Ania* partage avec nous ses réflexions sur sa quarantaine banalement épique. Maman d’adolescents, mariée sur le papier mais seule dans les faits, elle a dû faire face, en février à un véritable parcours du combattant logistique, ubuesque et drôlement ordinaire. 

Propos recueillis par Bénédicte Mezeix

*Ania : Le prénom a été modifié.

 

Le petit mal de gorge de rien du tout 

Avez-vous vu le film 8 rue de l'humanité ? J'aime la façon grotesque dont l’acteur réalisateur, Dany Boon, présente nos peurs face à la première étape de la pandémie - parfois absurdes, parfois justifiées, mais surtout, générées par l’anxiété et un sentiment incontrôlable de perte au sens large (ma vie d’avant, mes petites habitudes sécurisantes, les contacts humains, les contacts physiques). Je ne pensais pas que j'aurais à faire face à une réalité aussi absurde que celle du film. Tout a commencé par un mal de gorge innocent... 

 

 

 

 

Alors que je grelottais de plus en plus, comme enveloppée dans un carcan de glace, j'ai décidé de faire un test covid à domicile, qui s'est avéré négatif ! J'ai poussé un soupir de soulagement et j'ai continué à me soigner, pensant que c’était juste un rhume. On exagère tout en ce moment à cause de cette satanée pandémie ! Mais le rhume s’éternisait… voire empirait ! Mentalement j’ai commencé à faire la liste des personnes avec qui j’avais été en contact, où avais-je été ? Qui est le « criminel » qui avait osé me lancer ses miasmes ? Mes collègues ? Par écran interposé, je les voyais bien me regarder en dessous avec culpabilité ! La paranoïa fait-elle partie des symptômes du coronavirus ? Lorsque j’ai voulu réchauffer mon café dans la machine à laver, je me suis dit qu’il était temps de refaire un nouveau un test afin de sortir de ce brouillard qui me faisait perdre ma lucidité. Je me suis donc à nouveau re autotestée : résultat positif. Positif, quelle ironie, quand on y pense !

 

Positif ! Mais pour qui ? 

Pour que vous compreniez bien, je suis maman de deux adolescents de 13 ans et 15 ans, séparée de mon mari qui prend une pose, pour faire le point sur sa vie. Pour résumer, j’ai les enfants 24h/24 à ma charge, sans parler de leurs cours en ligne, de mon travail en distanciel, de l’organisation de la maison et de nos vies.

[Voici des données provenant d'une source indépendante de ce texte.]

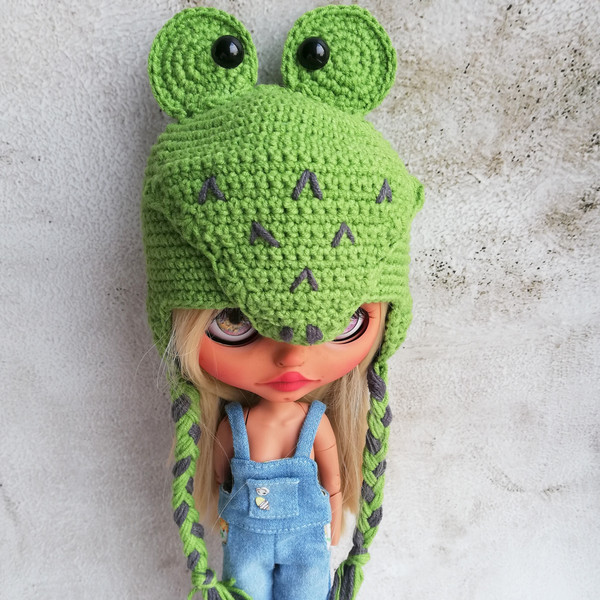 blythe-hat-crochet-green-crocodile-for-custom-blythe-monster-halloween-outfit-11.jpg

Ce test positif déclenche soudain une avalanche de questions, doutes. Je stresse ! Que dois-je faire ? Qui va s’occuper des enfants ? Et moi, qui va s’occuper de MOI ? Ne comptez jamais sur l’empathie ou la compréhension des adolescents !

Ma fille de 13 ans a accueilli la nouvelle en pleurant très fort et s'est enfermée dans sa chambre, vlang ! Ne vous méprenez pas sur ses larmes. « To nie fair ! C’est pas juste ! Quiiii va m’amener à la danse ? Et l’anniversaire de Gosia, je fais quoi, moi ? ». Que lui dire ? Je comprends tellement son besoin de vie sociale… Au bout de quelques heures, elle est revenue radoucie me voir et m'a expliqué que je n'étais pas en cause, mais qu'elle était en colère à cause de la Covid-19, car elle avait des projets avec ses amis.

Quant à mon fils, je ne l’ai pas impressionné du tout, avec mon test positif, il en a juste profité pour m’informer que les parents de sa petite amie étaient également positifs au coronavirus depuis quelques jours alors que la fameuse petite amie venait nous rendre visite régulièrement - j'ai encaissé le plus calmement du monde ces deux informations. Pas de crise de son côté, car sa vie d’ado s’articulant autour de l’ordinateur, du lit, de la cuisine, de son portable et de brèves sorties - ne serait pas modifiée.

Concernant mon mari, avec qui je ne vis plus - même si  nous nous voyons régulièrement en thérapie, pour travailler sur son besoin de solitude, et bien, lui, il s’est isolé complètement de nous afin de ne pas risquer d'être contaminé ! Il nous ravitaillait en achats de première nécessité en déposant les sacs devant la porte et nous a soutenus par téléphone, dobre i to, comme on dit en Pologne ! C’est mieux que rien !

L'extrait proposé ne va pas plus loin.